Section 13.7 A Brief Introduction to Switching Theory and Logic Design

Early computers relied on many switches to perform the logical operations needed for computation. This was true as late as the 1970’s when early personal computers such as the Altair ( Figure 13.7.1) started to appear. Pioneering computer scientists such as Claude Shannon realized that the operation of these computers could be simplified by making use of an isomorphism between computer circuits and boolean algebra. The term Switching Theory was used at the time. Logical gates realized through increasingly smaller and smaller integrated circuits still perform the same functions as in early computers, but using purely electronic means. In this section, we give examples of some switching circuits. Soon afterward, we will transition to the more modern form of circuits that are studied in Logic Design, where gates replace switches. Our main goal is to give you an overview of how boolean functions corresponds to any such circuit. We will introduce the common system notation used in logic design and show how it corresponds with the mathematical notation of Boolean algebras. Any computer scientist should be familiar with both systems.
Image of an Altair computer from,_cropped.jpg at the Computer History Museum
Figure 13.7.1. The Altair Computer, an early PC, by Todd Dailey, Creative Commons
The simplest switching device is the on-off switch. If the switch is closed/ON, current will pass through it; if it is open/OFF, current will not pass through it. If we designate ON by 1, and OFF by 0, we can describe electrical circuits containing switches by Boolean expressions with the variables representing the variable states of switches or the variable bits passing through gates.
The electronics involved in these switches take into account whether we are negating a switch or not. For electromagnetic switches, a magnet is used to control whether the switch is open or closed. The magnets themselves may be controlled by simple ON/OFF switches. There are two types of electromagnetic switches. One is normally open (OFF) when the magnet is not activated, but activating the magnet will close the circuit and the switch is then ON. A separate type of switch corresponds with a negated switch. For that type, the switch is closed when the magnet is not activated, and when the magnet is activated, the switch opens. We won’t be overly concerned with the details of these switches or the electronics corresponding to logical gates. We will simply assume they are available to plug into a circuit. For simplicity, we use the inversion symbol on a variable that labels a switch to indicate that it is a switch of the second type, as in Figure 13.7.3.

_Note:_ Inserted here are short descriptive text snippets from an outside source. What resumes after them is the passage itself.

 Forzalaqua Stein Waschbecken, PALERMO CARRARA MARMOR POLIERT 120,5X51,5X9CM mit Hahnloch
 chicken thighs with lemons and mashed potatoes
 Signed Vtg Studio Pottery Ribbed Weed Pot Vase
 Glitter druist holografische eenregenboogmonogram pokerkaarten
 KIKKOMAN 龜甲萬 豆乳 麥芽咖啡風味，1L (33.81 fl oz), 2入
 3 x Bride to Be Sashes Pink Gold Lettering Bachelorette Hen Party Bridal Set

Representation of a normally OFF switch
Figure 13.7.2. Representation of a normally OFF switch controlled by variable \(x_1\)

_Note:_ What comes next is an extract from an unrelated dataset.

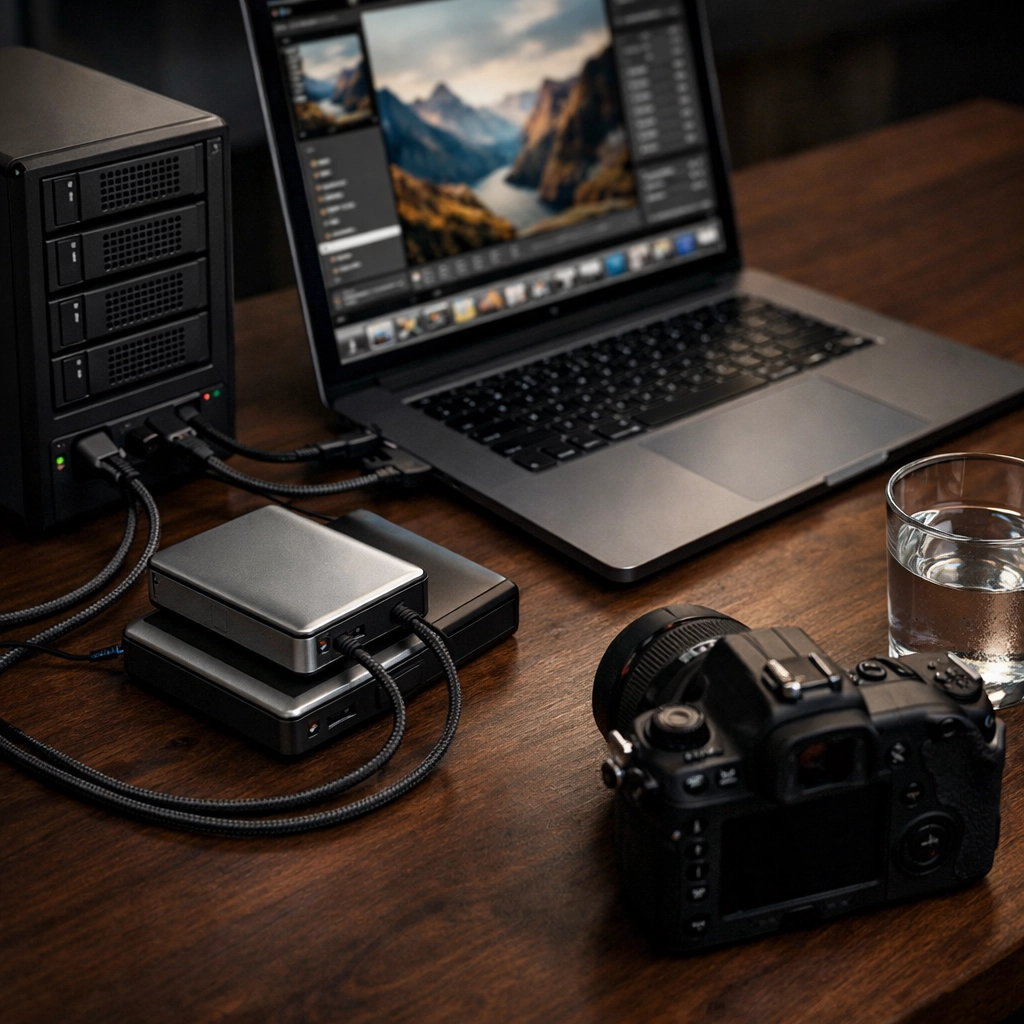 A professional editing workspace with high-speed SSD storage for 100-megapixel camera files.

Representation of a normally ON switch
Figure 13.7.3. Representation of a normally ON switch controlled by variable \(x_1\)

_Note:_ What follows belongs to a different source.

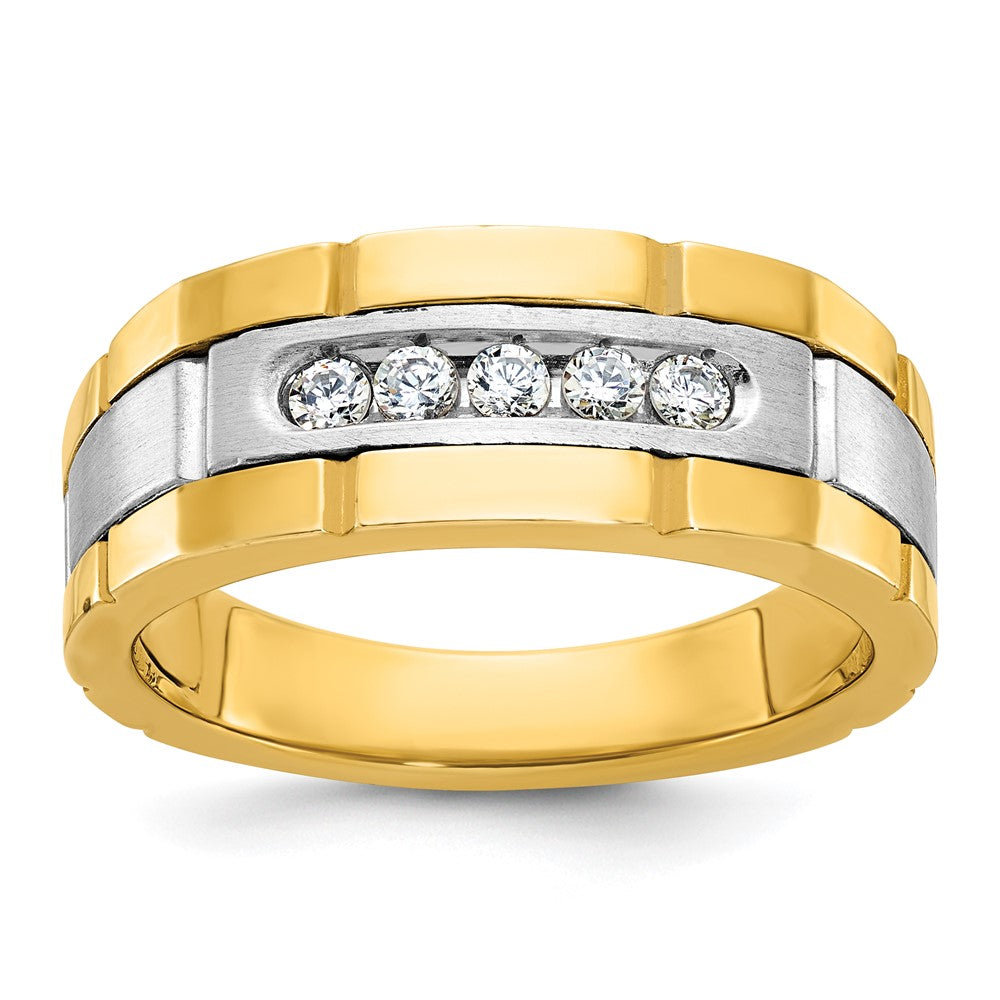 14ktt IBGoodman Men's Polished & Grooved 5-Stone Diamond Ring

The standard notation used for Boolean algebra operations in switching theory and logic design is \(+\) for join, instead of \(\lor \text{;}\) and \(\cdot \) for meet, instead of \(\land \text{.}\) Complementation is the same in both notational systems, denoted with an overline.
The expression \(x_1 \cdot x_2\) represents the situation in which a series of two switches appears in sequence as in Figure 13.7.4. In order for current to flow through the circuit, both switches must be ON; that is, they must both have the value 1. Similarly, a pair of parallel switches, as in Figure 13.7.5, is described algebraically by \(x_1 + x_2\text{.}\) Here, current flows through this part of the circuit as long as at least on of the switches is ON.
Two switches in AND configuration
Figure 13.7.4. Two switches in AND configuration realizing \(x_1 \cdot x_2\)
Two switches in OR configuration
Figure 13.7.5. Two switches in OR configuration realizing \(x_1 + x_2\)
All laws and concepts developed previously for Boolean algebras hold. The only change is purely notational. We make the change in this section solely to introduce the reader to another frequently used system of notation.
Many of the laws of Boolean algebra can be visualized thought switching theory. For example, the distributive law of meet over join is expressed as
\begin{equation*} x_1 \cdot \left(x_2+ x_3\right) = x_1 \cdot x_2+x_1 \cdot x_3. \end{equation*}
The switching circuit analogue of the above statement is that the circuits in the two images below are equivalent. In circuit (b), the presence of two \(x_1\)’s might represent two electromagnetic switches controlled by the same magnet.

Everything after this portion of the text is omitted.